Centrocampista offensivo/attaccante dal talento precoce, idolo
del Chacarita Juniors, squadra di un quartiere di Buenos
Aires, già a 20 anni debutta nell’Argentina, mettendosi
definitivamente da parte una giovinezza di tante speranze e
altrettante fatiche.

Quindi, torna in Italia, acquistato dalla Juventus: è il 1930
ed ha 24 anni.

Alla Juve, “El Tano” (L’Italiano) o “Il Cè” diventa leggenda,
vincendo 5 scudetti consecutivi e segnando oltre 50 gol.

Poco dopo Cesarini debutta anche nella nazionale italiana, per
la rabbia del governo argentino che accusa quello fascista
italiano di voler “depredare” il meglio del football
sudamericano per costruire una nazionale azzurra più forte:
polemiche a non finire in quei giorni in cui anche Orsi, suo
amico e compagno alla Juventus, inizia a vestire l’azzurro ma
Cesarini – ricordiamolo – è nato a Senigallia e senigalliese è
percepito dai suoi concittadini tanto che nel 1932, quando
gioca una amichevole con la maglia della Vigor contro
l’Anconitana, la tribune dello stadio di Senigallia sono
gremite per riabbracciare un proprio figlio.

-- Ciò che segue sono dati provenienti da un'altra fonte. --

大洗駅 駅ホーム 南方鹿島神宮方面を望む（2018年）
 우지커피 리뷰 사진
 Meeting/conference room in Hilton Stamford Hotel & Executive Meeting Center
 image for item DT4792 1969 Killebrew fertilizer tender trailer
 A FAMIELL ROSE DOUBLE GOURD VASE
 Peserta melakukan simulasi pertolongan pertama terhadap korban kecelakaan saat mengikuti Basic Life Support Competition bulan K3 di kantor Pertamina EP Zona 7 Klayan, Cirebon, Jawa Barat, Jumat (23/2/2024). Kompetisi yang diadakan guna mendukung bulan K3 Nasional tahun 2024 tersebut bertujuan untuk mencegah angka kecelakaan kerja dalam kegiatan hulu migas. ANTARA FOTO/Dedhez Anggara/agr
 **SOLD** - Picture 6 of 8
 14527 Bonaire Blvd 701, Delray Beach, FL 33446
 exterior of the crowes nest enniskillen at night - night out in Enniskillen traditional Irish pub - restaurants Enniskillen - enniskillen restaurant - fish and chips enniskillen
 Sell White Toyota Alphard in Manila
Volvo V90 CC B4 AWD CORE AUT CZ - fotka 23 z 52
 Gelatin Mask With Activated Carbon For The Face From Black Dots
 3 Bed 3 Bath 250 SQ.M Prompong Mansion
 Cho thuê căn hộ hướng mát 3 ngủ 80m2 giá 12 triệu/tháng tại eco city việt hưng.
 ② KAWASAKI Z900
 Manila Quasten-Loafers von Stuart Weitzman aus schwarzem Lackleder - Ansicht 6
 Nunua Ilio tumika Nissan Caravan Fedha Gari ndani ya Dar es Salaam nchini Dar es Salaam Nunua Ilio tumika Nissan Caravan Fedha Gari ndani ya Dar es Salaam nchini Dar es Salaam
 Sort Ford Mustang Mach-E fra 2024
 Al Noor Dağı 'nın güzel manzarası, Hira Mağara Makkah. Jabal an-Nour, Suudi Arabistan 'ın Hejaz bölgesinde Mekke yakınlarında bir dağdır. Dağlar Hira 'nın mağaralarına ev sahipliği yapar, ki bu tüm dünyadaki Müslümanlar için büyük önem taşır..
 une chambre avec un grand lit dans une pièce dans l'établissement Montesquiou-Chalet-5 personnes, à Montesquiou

Perché “Il Cè” era uno che ce l’aveva fatta, diventando
qualcuno di cui andare fieri.

In quel 1932 d’altronde è già famoso per i suoi gol in
extremis: tutto nasce quando contro l’Ungheria il 13 dicembre
1931, segna al 90′ il gol della vittoria.

E’ in quel momento che si sente parlare sui giornali per la
prima volta di “Zona Cesarini”, arrivata fino ad oggi.
Cesarini però non era soltanto
                              un calciatore; o meglio, era un
                              calciatore atipico, un artista
                              in campo e fuori: ciuffo
                              costantemente ribelle, amante
                              delle belle donne, coraggioso
                              anche      a   parole,      con
                              considerazioni non di rado
polemiche che spesso dividevano gli appassionati ma non di
meno sapevano essere acute e non banali.

Dopo la Juventus torna in Argentina per giocare nella più
famosa squadra del paese, il River Plate, continuando a
vincere pure da allenatore prima creando in Sud America
l’imbattibile “La Maquina” – il più forte River Plate di tutti
i tempi -, e poi in Italia, dove nel 1959 si ripresenta a
guidare la Juventus, scoprendo anche futuri grandi campioni
(Giampiero Boniperti, Omar Sivori).

Allena anche in Messico a metà degli anni sessanta e poi la
nazionale argentina.

Muore a Buenos Aires il 24 marzo 1969 dopo una breve malattia,
ad appena 62 anni.

“Quando dai il tuo nome a un pezzetto di tempo – il quale è
solo di Dio, dice la Bibbia – qualcosa nella vita lo hai
fatto”, scrive il romanziere Alessandro Baricco pensando a
Cesarini, l’unico giocatore diventato un modo di dire.

E l’oriundo Cesarini, quel nome al tempo lo ha dato e
attraverso la sua “Zona” ancora vive nel linguaggio di tutti i
giorni, ricordandoci la leggenda de “El Tano” di Senigallia.